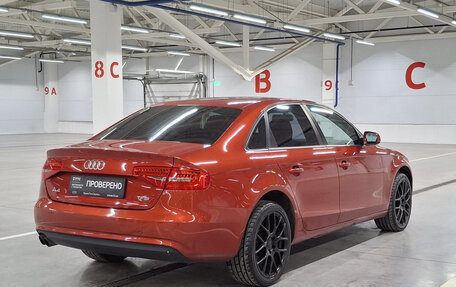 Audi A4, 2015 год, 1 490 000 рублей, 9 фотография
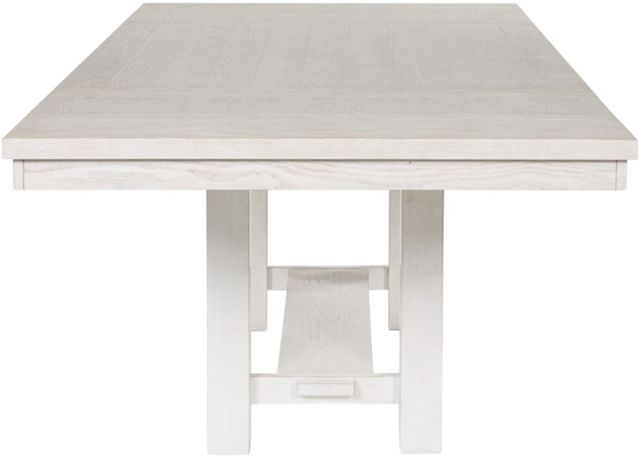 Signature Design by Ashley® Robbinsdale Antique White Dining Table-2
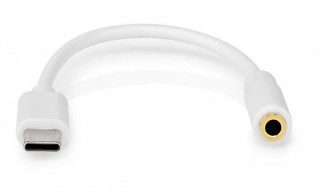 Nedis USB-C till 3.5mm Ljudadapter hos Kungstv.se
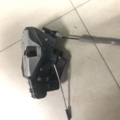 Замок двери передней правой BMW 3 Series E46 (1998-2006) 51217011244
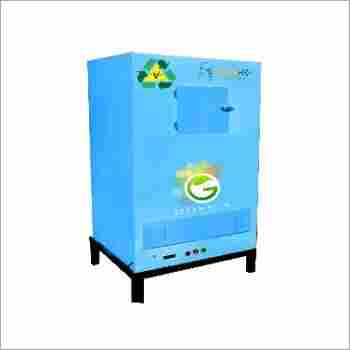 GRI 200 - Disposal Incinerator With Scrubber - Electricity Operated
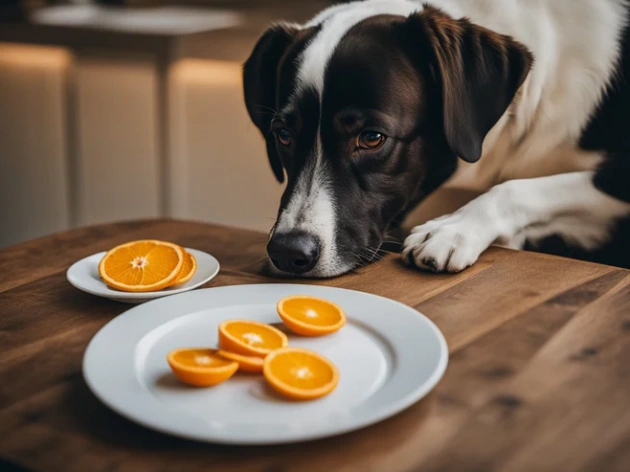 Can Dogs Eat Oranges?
########
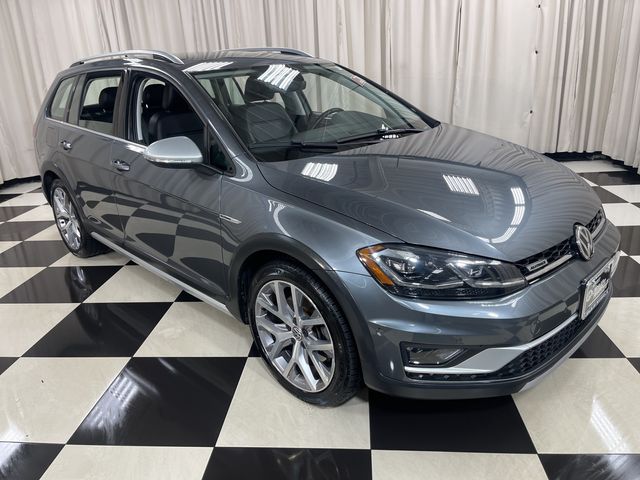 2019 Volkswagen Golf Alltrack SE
########
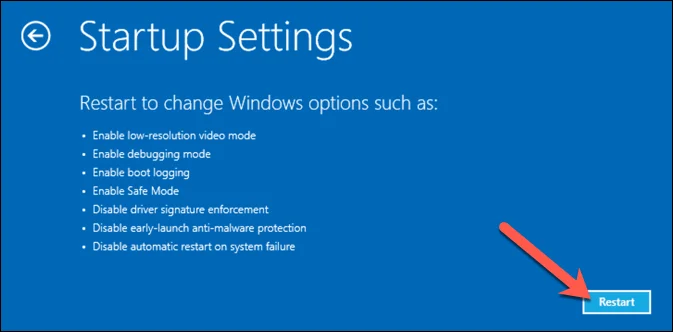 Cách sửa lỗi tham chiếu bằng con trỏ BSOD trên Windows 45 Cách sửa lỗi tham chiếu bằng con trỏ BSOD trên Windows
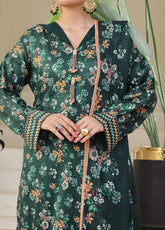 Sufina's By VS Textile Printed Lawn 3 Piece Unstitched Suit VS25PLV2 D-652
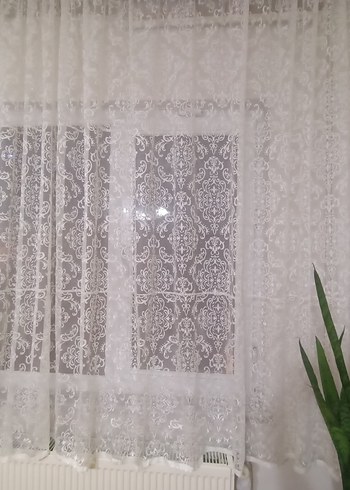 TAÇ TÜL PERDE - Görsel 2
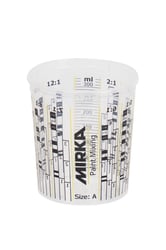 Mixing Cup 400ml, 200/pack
########
Description of the task> Beginning at the line above that contains "Sufina's By VS" and going on through the line that contains "Mixing Cup 400ml, 200/pack", please copy every line exactly, leaving the pictures out and adding nothing.

Result of this exercise>
 Sufina's By VS Textile Printed Lawn 3 Piece Unstitched Suit VS25PLV2 D-652
 TAÇ TÜL PERDE - Görsel 2
 Mixing Cup 400ml, 200/pack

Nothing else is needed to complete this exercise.